Doing the circuit . . . we passed on climbing Broom Fell but instead we walk across the flanks of the high ground
circling around Wythop Moss on the high ground.
The next target . . . the small rise ahead that goes by the name of Burthwaite Heights.
Zooming in on Sale Fell . . . because the sun had come out at last.
More fences . . . but we didn't have to cross this one . . . it headed down in the right direction.
Yes we've got to climb it . . . because it's there.
I believe it's a Birkett Fell (noted in Bill Birkett's list of Lakeland Fells) but as we're not counting Birkett's, we'll do it just because we can.
The high summit crags and impressive cairn on Burthwaite Heights . . . not !
At least Wainwrights usually have a pile of stones to mark the highest point . . . that's Jo and I in the distance looking for a non-existent cairn.
We did, however, get a nice view down to Kelswick Farm on the side of Sale Fell.
. . . and a good view of Wythop Hall Farm under the woodland-covered Ladies Table.
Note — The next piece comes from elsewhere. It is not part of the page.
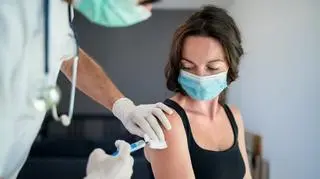 szczepionka przeciw COVID-19, koronawirus, pandemia, informacje o szczepionkach, infolinia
[ Ladies Table ties in with the next fell to the right . . . Lord's Seat of course ]
Jo and Jodie stop for a photo with the afore-mentioned Lord's Seat behind them.
From here our route continues its gradual descent
as we aim for the fence line and head across the Moss . . . to the track which skirts under Ling Fell.
What dampness there was, was easy to avoid.
Soon we met the Tom Rudd Beck track which approached from the other direction . . . we had nearly completed the circle.
I recognise that stone . . . it was the quartzite one we turned at on the way out.
Walking back along a familiar track towards Highside Farm.
There's the car parked down on the wide area next to the river bridge and the water board covered reservoir.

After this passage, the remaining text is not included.